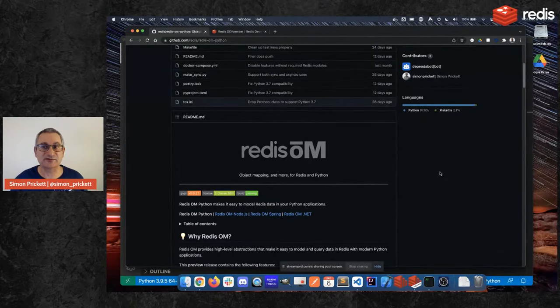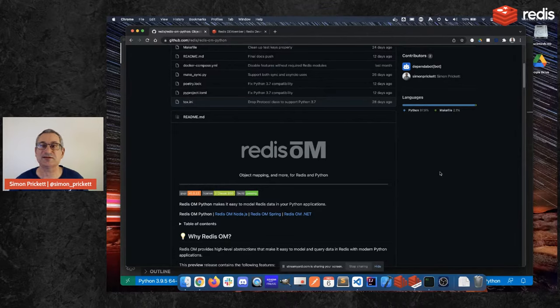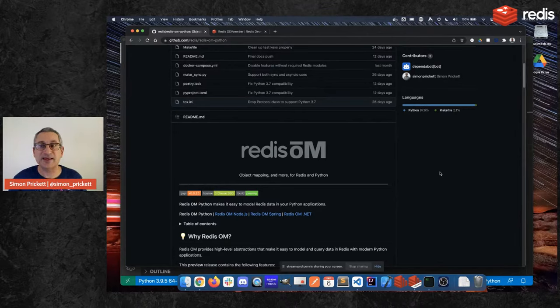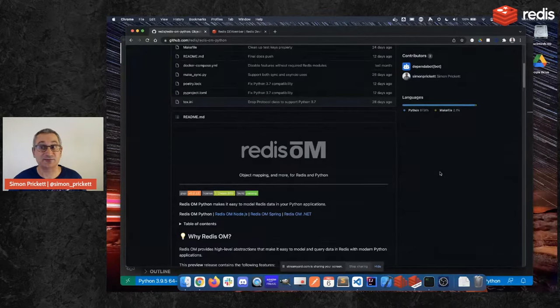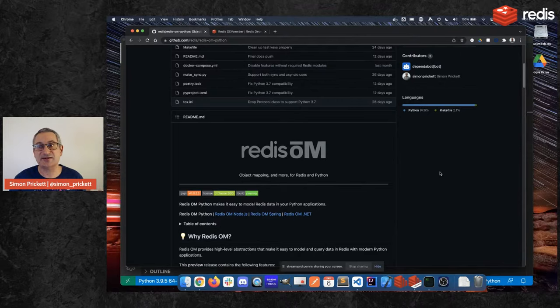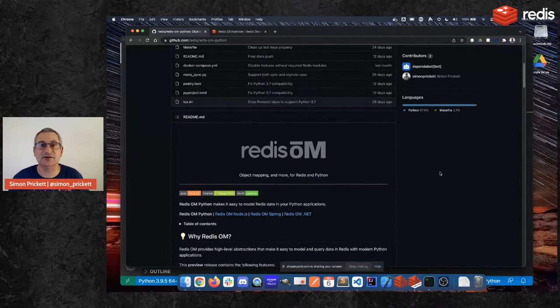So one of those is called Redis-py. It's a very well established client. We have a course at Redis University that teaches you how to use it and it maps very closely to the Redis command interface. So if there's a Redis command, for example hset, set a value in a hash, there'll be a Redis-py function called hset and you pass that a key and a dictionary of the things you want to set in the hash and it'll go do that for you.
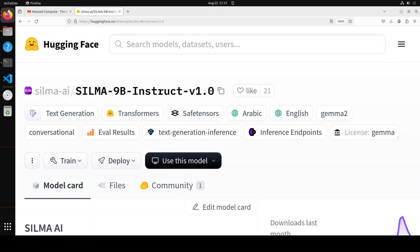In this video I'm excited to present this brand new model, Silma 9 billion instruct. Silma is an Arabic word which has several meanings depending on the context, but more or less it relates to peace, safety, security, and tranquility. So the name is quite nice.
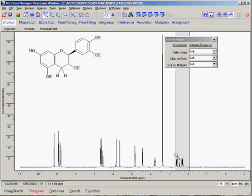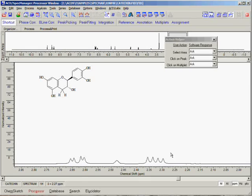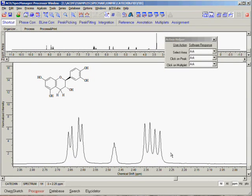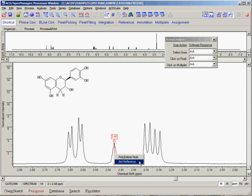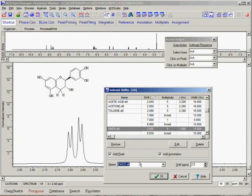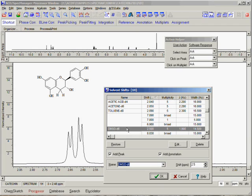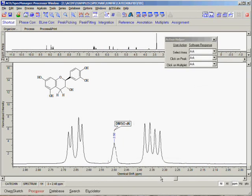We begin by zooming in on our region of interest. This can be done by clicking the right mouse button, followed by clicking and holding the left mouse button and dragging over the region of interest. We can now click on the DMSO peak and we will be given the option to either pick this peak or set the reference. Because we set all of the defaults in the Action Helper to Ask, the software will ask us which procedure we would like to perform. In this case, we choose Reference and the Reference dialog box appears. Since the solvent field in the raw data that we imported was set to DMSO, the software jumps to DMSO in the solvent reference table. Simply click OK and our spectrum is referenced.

### ABOUT THIS TASK
Transcribe the data word for word, with no images.

### SOLUTION FOR THIS TASK
So one of those is called Redis-py. It's a very well established client. We have a course at Redis University that teaches you how to use it and it maps very closely to the Redis command interface. So if there's a Redis command, for example hset, set a value in a hash, there'll be a Redis-py function called hset and you pass that a key and a dictionary of the things you want to set in the hash and it'll go do that for you.
In this video I'm excited to present this brand new model, Silma 9 billion instruct. Silma is an Arabic word which has several meanings depending on the context, but more or less it relates to peace, safety, security, and tranquility. So the name is quite nice.
We begin by zooming in on our region of interest. This can be done by clicking the right mouse button, followed by clicking and holding the left mouse button and dragging over the region of interest. We can now click on the DMSO peak and we will be given the option to either pick this peak or set the reference. Because we set all of the defaults in the Action Helper to Ask, the software will ask us which procedure we would like to perform. In this case, we choose Reference and the Reference dialog box appears. Since the solvent field in the raw data that we imported was set to DMSO, the software jumps to DMSO in the solvent reference table. Simply click OK and our spectrum is referenced.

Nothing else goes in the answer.